C.V - Il y a deux notions de « diversité culturelle ». La première renvoie à la diversité des cultures au sens de multiculturalisme. La seconde se réfère à la diversité des expressions culturelles au sens des industries culturelles et créatives. La Convention de 2005 porte sur cette dernière vision puisque sa finalité est le vivre ensemble. Par rapport aux autres textes normatifs de l'Unesco, la Convention de 2005 se distingue par son degré d'adhésion : elle a été adoptée et ratifiée très rapidement par un grand nombre de pays. De plus, parmi les autres conventions, elle est celle qui est le plus d'actualité. Les autres conventions comme celles de 1971 ou de 2003 qui portent sur le patrimoine se contentent d'établir des listes et reconnaître des patrimoines mais elles ne s'accompagnent pas de moyens de mise œuvre. Alors que dans le cas de la convention de 2005, des moyens d'actions et des interrogations sur les enjeux actuels sont soulevés. Dans la protection et promotion de la diversité des expressions culturelles, la Convention de 2005 va permettre à certains groupes minoritaires (minorités ethniques, de genre, etc.) de participer à la culture et d'y avoir accès. Ce point est extrêmement sensible car des notions de liberté d'expression ou de droits humains entrent en jeu. Avec la Convention de 2005, l'Unesco amène avec force des conversations sensibles mais nécessaires. Cette convention est à la fois un défi et une opportunité d'échanger sur des enjeux contemporains. Sur les sept conventions de l'Unesco, c'est la seule qui attire autant d'engouement car elle est vivante et qui vit de cette appropriation que les États on en fait. Aujourd'hui, les objectifs de commerce sont moins présents. On parle plus de circulation et de mobilité des artistes puis d'accès au marché privilégié que des questions commerciales qui sont moins au centre des enjeux.

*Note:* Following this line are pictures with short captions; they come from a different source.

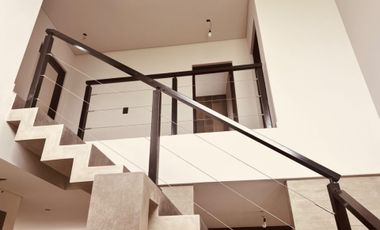 VENTA CASA 2 PLANTAS TIPAS NORDELTA PISCINA PARRIL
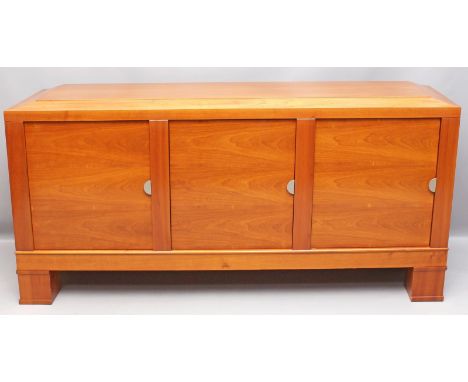 Krier, Léon (geb. 1946 Luxemburg) Elegantes Sideboard "Abacus". Kirschholz (massiv). Rechteckiger, dreitüriger Korpus (li. Se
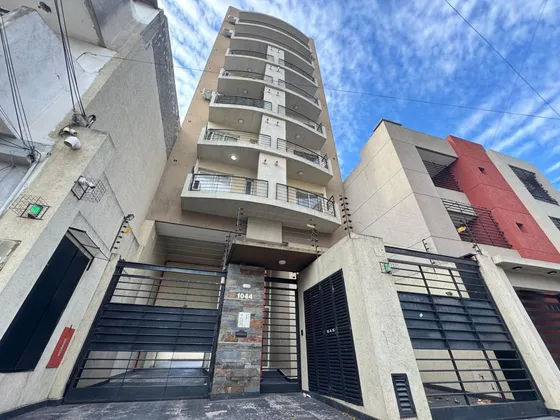 Departamento De 2 Ambientes Con Cochera - Apto Credito Lanus Este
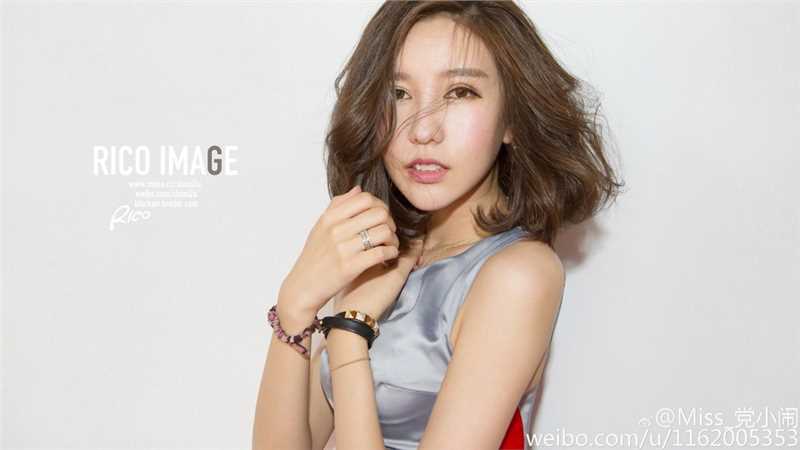 优质中国最美车模党佳妮车展秀大长腿图相册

E.N - La Convention de 2005 anticipe-t-elle les bouleversements et les enjeux nés avec les nouveaux outils numériques et technologies dans le secteur de l'économie culturelle et créative ?

C.V - Elle n'est pas exhaustive mais neutre. Cette neutralité lui permet de s'adapter aux nouvelles réalités notamment grâce à l'adoption de directives opérationnelles qui interprètent les dispositions conventionnelles et permettent de s'assurer de suivre l'évolution de la jurisprudence, de l'actualité et des nouvelles pratiques. Seules ces directives opérationnelles peuvent être révisées.

En ce qui concerne le numérique, au moment où ces questions ont commencé à prendre de l'ampleur, certains pays ont voulu forcer la conversation et amené la communauté internationale à se poser la question d'une gouvernance de la culture numérique. Dans l'une de ses sessions, l'Unesco a donc adopté des directives opérationnelles disant comment et pourquoi la convention de 2005 a la compétence de s'appliquer à l'ère du numérique. Parallèlement, certains États agissent, de leur côté, dans cette vision. Par exemple, depuis 2019, le Canada est un processus d'élaboration d'un instrument international sur la diversité des expressions culturelles à l'ère du numérique. Cet instrument définirait et conditionnerait les politiques et cadres juridiques qui harmoniseraient le droit international et s'imposeraient à différents acteurs (États, internautes, entreprises, etc.). Cette ambition est née à la suite d'une conférence organisée à Ottawa avec 70 participants nationaux et internationaux. Des représentants des grandes plateformes numériques avaient été invités. Depuis, un groupe de travail été mis sur pied. Il a publié en juin 2021 des principes directeurs pour lesquels il souhaite obtenir une large adhésion. Si ce texte est un jour adopté, il pourrait être complémentaire de la convention de 2005.